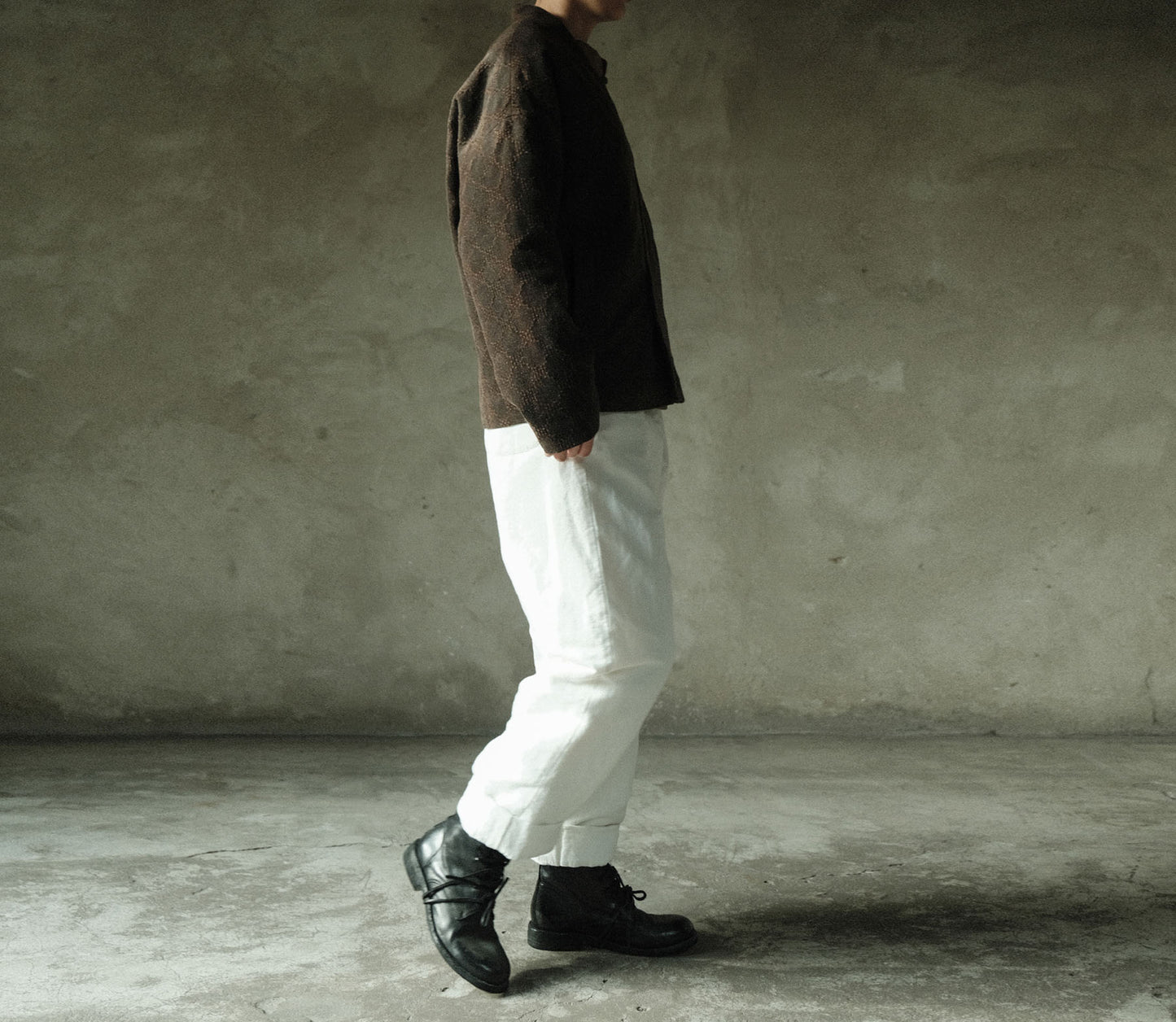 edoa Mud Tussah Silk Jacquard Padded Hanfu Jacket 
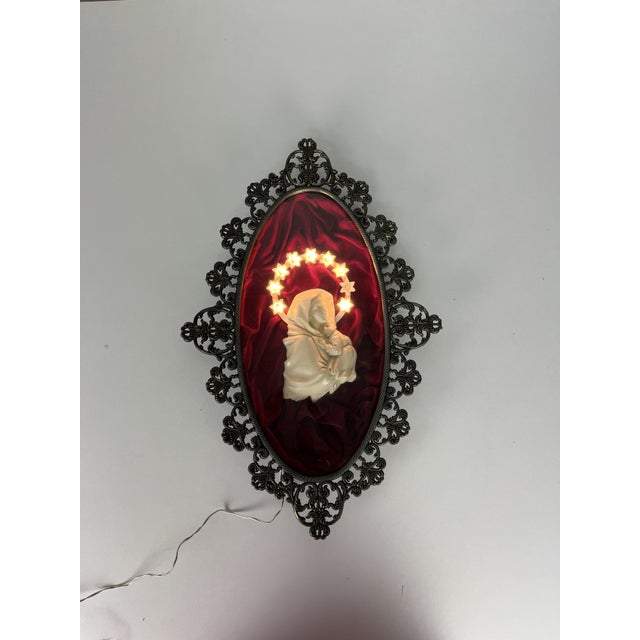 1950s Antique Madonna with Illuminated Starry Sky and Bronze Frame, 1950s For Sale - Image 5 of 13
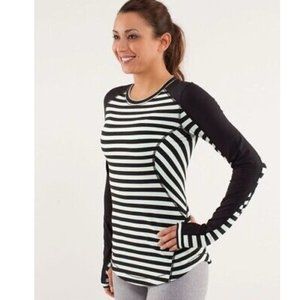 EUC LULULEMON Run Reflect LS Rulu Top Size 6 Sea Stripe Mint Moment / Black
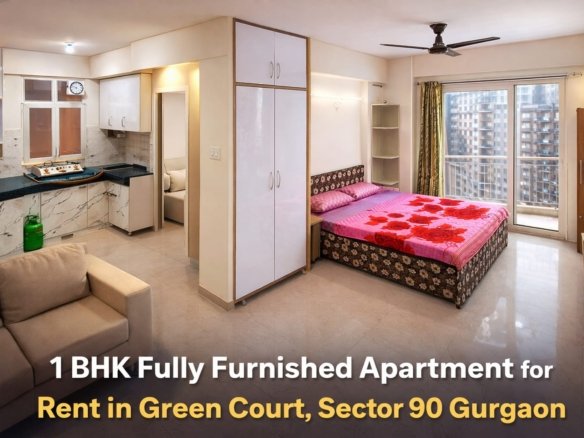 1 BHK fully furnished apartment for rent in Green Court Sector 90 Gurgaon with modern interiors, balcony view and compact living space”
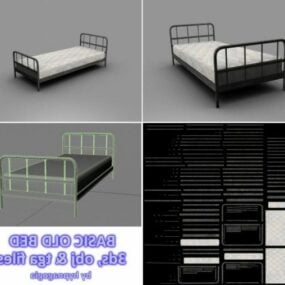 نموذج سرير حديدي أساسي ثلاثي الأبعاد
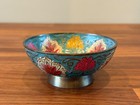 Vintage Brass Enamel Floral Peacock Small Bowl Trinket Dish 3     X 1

────────────────────────────────────────

• **TASK GOAL**
From the line that contains "1 BHK fully" to the last line of the records above, copy each line exactly, both ends included, and leave the pictures out.

• **REPLY TO THE TASK**
 1 BHK fully furnished apartment for rent in Green Court Sector 90 Gurgaon with modern interiors, balcony view and compact living space”
 نموذج سرير حديدي أساسي ثلاثي الأبعاد
 Vintage Brass Enamel Floral Peacock Small Bowl Trinket Dish 3     X 1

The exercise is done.